# christian liberty....



## AC. (Aug 31, 2010)

can this concept be used for loopholes or an excuse to embrace God -dishonoring activities to some extent, especially in this day and age?

do we find ourselves mocking those who avoid certain things on religious grounds?


----------



## SolaScriptura (Aug 31, 2010)

Based on past threads, I have an idea, but for clarification, would you be willing to let me know what you mean by "God-dishonoring activities?"


----------



## Rich Koster (Aug 31, 2010)

Christian liberty and the interpretation/application of the law can be misused for God-dishonoring activities. Good doctrine and convictions call sin what God calls sin. Proper liberty allows us to enjoy the earth that God has provided for us. However in our fallen state, none of us achieve obedience and apply wisdom to Christ's perfect standard.


----------



## Michael (Aug 31, 2010)

Amen Rich.


----------



## Andres (Aug 31, 2010)

maybe another question could be posed - can the concept of christian piety/separation from the world be used as an excuse to add things to God's Word which He has not commanded?


----------



## Zenas (Aug 31, 2010)

AC. said:


> can this concept be used for loopholes or an excuse to embrace God -dishonoring activities to some extent, especially in this day and age?
> 
> do we find ourselves mocking those who avoid certain things on religious grounds?



You pose two questions. 

1. Yes, it can be used in such a way.

2. I suppose you can be. If you could be a little more clear as to what you mean, I could be a little more clear with my opinion.


----------



## AC. (Aug 31, 2010)

Just to clarify to people who have not been following, I feel people are being 'flippant' about the TV matter not about the correct interpretation of the 2nd command. I admit I was wrong to bring the 2nd commandment into it, and although there are a few neutral channels (History Channel) their is much more of whats evil and harmful over whats neutral broadcasted - there is noting good about it, it's keeping us from really seeing the depravity that's in our hearts. It help keep us blind and in bondage. I don't see how we can rest in such entertaiments. WE are sinners before GOd and Satan wants us to rest in our religions but what's really in our hearts??? DO we really have room for GOd??? 

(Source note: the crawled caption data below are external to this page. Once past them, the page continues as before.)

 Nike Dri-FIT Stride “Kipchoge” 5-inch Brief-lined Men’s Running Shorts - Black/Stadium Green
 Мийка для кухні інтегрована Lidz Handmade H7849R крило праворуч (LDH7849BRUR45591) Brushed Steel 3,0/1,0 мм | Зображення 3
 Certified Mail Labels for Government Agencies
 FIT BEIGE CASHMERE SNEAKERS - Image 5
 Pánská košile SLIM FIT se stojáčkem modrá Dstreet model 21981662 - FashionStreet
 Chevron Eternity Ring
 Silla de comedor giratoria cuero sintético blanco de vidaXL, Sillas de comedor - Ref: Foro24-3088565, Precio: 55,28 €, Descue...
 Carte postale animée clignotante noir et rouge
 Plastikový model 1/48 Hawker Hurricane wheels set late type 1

Again, you cannot serve God and mannon, if you guys cannot bear to hear this than I think I should be banned. I'm not backing off this stance. If you agree with me 99% than why such backlash, it's only going to make me even more zealous. If you want endorse tv just to spite me that's absurd. GOd is not changing, if we are follow Him, we should put the vein pursuits aside...I mention the need to heavily filter the internet and watch what we read (so its not just tv, it's everything we fill our heads with). I'm not going to compromise or meet half way or be nicey nice about these matters, Jonathan Edwards was never nicey nice, just because we profess to be Reformed and have the right theology does not mean we can stand before God - this is a greater issue than the tv, it's where does are heart really lie. You don't have to like me, in fact, I think most of you want me to jump off a bridge....but I feel I'm speaking the truth....I'm feeling watered-down, lukewarm Christians around here. Nothing like the Puritans of old or zealous Calvinists that hate anything that's associated with this sinful world filled with vanity and self-love.

Feel free to ban me or kick me off. Call me a Pharisee, mock me, if that's where you think I'm coming from.

This my last post.


May God Richly Bless You All and may he save us from ourselves!!!


----------



## Berean (Aug 31, 2010)

"Mannon"? "GOd"?  What version do you use?



> I'm feeling watered-down, lukewarm Christians around here.


----------



## Afterthought (Aug 31, 2010)

A.C. said:


> This my last post.


Thanks for troubling to warn us at least! I know it's got me thinking more carefully about what I watch on the TV--or more specifically what I do on the internet or what video games I play since they tend to usurp the role that TV would stereotypically have. While I don't know if I'll ever take the position you have taken on it, I know I'll be more thoughtful and careful when it comes to such things.



A.C. said:


> May God Richly Bless You All and may he save us from ourselves!!!


Amen


----------



## MW (Sep 1, 2010)

AC. said:


> Feel free to ban me or kick me off. Call me a Pharisee, mock me, if that's where you think I'm coming from.


 
Sincere Christians of all ages have struggled with the questions you are asking. Once upon a time the question pertained to stage plays; from there it came to bear on the movie theatre; one step further included the television; and today it takes in the media connected with the internet.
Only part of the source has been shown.